# Records for this task:
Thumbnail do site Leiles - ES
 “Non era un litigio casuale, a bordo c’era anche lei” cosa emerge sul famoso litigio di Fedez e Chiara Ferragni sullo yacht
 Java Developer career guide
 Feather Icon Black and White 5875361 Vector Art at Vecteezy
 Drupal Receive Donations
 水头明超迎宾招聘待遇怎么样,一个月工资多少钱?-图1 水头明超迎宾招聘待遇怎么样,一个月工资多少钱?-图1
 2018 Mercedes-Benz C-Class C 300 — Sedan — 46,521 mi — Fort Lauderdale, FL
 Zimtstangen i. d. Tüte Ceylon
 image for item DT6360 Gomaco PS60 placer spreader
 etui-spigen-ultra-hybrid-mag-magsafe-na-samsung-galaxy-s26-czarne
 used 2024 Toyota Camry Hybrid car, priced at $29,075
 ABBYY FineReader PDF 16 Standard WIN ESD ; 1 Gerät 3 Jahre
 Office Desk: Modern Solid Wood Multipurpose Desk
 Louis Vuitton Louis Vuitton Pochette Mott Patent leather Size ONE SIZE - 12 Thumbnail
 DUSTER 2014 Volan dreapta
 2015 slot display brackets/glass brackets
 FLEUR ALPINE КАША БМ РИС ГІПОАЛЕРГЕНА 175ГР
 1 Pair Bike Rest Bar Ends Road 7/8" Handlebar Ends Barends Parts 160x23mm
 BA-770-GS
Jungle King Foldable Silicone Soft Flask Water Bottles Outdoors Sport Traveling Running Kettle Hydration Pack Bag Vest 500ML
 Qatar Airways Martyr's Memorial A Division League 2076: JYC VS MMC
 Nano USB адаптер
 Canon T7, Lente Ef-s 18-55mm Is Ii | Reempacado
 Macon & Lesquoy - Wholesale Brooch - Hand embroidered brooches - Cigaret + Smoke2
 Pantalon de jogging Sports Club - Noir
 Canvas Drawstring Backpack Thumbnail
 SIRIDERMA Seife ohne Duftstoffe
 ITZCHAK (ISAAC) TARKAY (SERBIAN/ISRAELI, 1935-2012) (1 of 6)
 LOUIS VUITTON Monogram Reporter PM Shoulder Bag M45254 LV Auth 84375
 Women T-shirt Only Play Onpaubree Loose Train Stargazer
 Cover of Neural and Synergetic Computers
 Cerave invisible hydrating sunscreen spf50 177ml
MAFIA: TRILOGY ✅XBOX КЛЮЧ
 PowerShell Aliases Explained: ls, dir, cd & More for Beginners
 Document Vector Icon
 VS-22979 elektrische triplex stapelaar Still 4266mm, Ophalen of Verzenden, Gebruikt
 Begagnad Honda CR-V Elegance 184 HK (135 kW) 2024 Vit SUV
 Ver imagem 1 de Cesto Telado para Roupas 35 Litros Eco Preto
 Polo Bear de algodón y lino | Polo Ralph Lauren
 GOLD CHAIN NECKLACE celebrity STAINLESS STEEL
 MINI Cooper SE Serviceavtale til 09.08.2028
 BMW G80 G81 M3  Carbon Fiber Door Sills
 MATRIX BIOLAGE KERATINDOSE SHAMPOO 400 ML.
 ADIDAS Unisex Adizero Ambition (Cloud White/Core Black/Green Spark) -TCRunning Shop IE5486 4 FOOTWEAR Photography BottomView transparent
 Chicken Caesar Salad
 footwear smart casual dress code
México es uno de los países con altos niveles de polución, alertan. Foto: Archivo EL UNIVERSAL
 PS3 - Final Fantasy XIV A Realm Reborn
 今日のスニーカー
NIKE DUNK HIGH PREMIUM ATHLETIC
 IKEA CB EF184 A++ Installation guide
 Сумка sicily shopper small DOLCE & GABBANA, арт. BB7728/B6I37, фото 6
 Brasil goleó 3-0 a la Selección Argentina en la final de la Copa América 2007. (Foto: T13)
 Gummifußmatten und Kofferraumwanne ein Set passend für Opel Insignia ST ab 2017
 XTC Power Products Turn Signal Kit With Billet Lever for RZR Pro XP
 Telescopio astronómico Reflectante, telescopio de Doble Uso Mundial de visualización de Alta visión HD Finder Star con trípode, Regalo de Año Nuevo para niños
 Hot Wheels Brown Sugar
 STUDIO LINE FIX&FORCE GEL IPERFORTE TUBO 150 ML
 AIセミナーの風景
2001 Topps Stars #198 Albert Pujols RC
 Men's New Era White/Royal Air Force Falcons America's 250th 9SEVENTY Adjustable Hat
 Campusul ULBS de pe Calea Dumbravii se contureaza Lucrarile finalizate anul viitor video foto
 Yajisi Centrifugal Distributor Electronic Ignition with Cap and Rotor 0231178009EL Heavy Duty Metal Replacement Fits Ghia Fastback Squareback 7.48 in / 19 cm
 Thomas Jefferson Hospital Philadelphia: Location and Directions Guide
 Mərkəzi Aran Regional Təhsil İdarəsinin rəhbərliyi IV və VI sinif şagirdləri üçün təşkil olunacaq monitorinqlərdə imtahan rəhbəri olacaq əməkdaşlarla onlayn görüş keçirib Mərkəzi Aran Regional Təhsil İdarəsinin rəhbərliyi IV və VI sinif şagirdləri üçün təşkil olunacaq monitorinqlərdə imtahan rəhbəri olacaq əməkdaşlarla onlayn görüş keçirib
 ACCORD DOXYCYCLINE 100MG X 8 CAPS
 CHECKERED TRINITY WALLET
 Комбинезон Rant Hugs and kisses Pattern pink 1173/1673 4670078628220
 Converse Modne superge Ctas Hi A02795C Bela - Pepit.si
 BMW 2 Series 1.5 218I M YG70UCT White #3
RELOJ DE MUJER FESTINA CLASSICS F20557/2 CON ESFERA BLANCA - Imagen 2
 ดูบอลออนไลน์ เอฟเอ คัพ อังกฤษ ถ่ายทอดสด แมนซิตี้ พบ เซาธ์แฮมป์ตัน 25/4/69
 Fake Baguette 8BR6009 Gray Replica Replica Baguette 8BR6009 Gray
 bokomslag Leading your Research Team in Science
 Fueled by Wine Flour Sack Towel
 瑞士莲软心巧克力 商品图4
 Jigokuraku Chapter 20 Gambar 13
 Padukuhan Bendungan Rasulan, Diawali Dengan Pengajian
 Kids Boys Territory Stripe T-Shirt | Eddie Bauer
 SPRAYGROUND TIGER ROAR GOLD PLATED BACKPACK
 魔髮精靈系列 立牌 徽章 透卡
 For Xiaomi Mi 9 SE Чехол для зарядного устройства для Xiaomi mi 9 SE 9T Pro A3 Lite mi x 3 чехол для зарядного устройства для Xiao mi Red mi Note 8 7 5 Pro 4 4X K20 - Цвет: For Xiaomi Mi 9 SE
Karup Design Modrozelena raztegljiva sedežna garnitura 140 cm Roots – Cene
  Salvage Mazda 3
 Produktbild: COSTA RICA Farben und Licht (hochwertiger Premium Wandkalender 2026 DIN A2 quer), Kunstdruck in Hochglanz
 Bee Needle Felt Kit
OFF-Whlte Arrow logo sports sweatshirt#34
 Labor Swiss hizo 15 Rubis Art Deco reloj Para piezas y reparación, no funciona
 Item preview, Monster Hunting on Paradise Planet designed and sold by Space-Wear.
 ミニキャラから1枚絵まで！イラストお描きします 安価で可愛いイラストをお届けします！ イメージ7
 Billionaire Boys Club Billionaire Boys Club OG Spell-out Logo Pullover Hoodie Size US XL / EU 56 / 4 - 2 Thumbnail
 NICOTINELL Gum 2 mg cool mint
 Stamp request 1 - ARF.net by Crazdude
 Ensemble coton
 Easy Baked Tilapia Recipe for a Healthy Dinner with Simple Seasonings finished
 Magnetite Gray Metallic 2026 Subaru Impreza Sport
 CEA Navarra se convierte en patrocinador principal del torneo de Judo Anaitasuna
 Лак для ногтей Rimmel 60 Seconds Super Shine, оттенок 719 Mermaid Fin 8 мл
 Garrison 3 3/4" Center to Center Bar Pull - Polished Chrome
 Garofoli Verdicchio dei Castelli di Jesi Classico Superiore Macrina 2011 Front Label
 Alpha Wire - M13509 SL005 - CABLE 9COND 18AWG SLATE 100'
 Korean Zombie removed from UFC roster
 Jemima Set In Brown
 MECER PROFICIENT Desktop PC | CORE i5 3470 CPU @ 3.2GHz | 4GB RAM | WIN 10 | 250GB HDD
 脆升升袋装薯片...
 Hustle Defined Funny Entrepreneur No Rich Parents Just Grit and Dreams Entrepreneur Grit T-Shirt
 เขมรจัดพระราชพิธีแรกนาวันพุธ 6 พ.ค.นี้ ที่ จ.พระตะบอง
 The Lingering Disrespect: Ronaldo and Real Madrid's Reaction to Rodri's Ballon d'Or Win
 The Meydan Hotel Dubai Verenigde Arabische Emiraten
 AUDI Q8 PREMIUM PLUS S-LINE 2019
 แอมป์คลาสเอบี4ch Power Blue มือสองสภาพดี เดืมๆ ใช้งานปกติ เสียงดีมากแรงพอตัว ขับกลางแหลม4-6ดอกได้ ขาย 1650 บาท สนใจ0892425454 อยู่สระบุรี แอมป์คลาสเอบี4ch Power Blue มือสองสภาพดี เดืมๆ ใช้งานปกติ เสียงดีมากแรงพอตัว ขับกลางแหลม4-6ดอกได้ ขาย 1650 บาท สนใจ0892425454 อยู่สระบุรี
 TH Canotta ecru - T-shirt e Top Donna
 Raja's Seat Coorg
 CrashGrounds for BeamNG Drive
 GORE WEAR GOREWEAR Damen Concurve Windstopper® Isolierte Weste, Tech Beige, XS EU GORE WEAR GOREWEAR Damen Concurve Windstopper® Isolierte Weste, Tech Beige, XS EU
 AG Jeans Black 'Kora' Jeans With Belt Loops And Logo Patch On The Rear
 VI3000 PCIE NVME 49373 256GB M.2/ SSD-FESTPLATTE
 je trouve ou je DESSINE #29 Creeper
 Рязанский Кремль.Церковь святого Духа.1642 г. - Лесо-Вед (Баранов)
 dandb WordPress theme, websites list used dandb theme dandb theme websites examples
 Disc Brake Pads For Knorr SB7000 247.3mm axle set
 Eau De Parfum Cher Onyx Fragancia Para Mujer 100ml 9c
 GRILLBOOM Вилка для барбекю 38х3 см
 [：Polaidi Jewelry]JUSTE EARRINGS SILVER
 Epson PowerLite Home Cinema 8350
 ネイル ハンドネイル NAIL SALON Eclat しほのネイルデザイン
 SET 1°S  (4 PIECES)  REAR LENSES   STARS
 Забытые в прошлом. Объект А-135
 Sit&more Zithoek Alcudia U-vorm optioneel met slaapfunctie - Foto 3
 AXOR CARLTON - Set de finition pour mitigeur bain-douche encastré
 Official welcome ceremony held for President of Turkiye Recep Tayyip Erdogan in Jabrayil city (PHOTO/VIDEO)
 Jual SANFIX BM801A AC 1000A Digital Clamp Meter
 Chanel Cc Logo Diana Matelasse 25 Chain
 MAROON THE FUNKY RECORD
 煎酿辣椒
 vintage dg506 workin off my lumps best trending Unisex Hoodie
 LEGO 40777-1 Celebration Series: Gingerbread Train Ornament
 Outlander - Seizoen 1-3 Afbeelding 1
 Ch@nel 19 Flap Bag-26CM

# What to do:
Find where the line with "MINI Cooper SE Serviceavtale til 09.08.2028" sits in the material above, then copy exactly from it through the line with "XTC Power Products". Add no other line.

# Exercise answer:
 MINI Cooper SE Serviceavtale til 09.08.2028
 BMW G80 G81 M3  Carbon Fiber Door Sills
 MATRIX BIOLAGE KERATINDOSE SHAMPOO 400 ML.
 ADIDAS Unisex Adizero Ambition (Cloud White/Core Black/Green Spark) -TCRunning Shop IE5486 4 FOOTWEAR Photography BottomView transparent
 Chicken Caesar Salad
 footwear smart casual dress code
México es uno de los países con altos niveles de polución, alertan. Foto: Archivo EL UNIVERSAL
 PS3 - Final Fantasy XIV A Realm Reborn
 今日のスニーカー
NIKE DUNK HIGH PREMIUM ATHLETIC
 IKEA CB EF184 A++ Installation guide
 Сумка sicily shopper small DOLCE & GABBANA, арт. BB7728/B6I37, фото 6
 Brasil goleó 3-0 a la Selección Argentina en la final de la Copa América 2007. (Foto: T13)
 Gummifußmatten und Kofferraumwanne ein Set passend für Opel Insignia ST ab 2017
 XTC Power Products Turn Signal Kit With Billet Lever for RZR Pro XP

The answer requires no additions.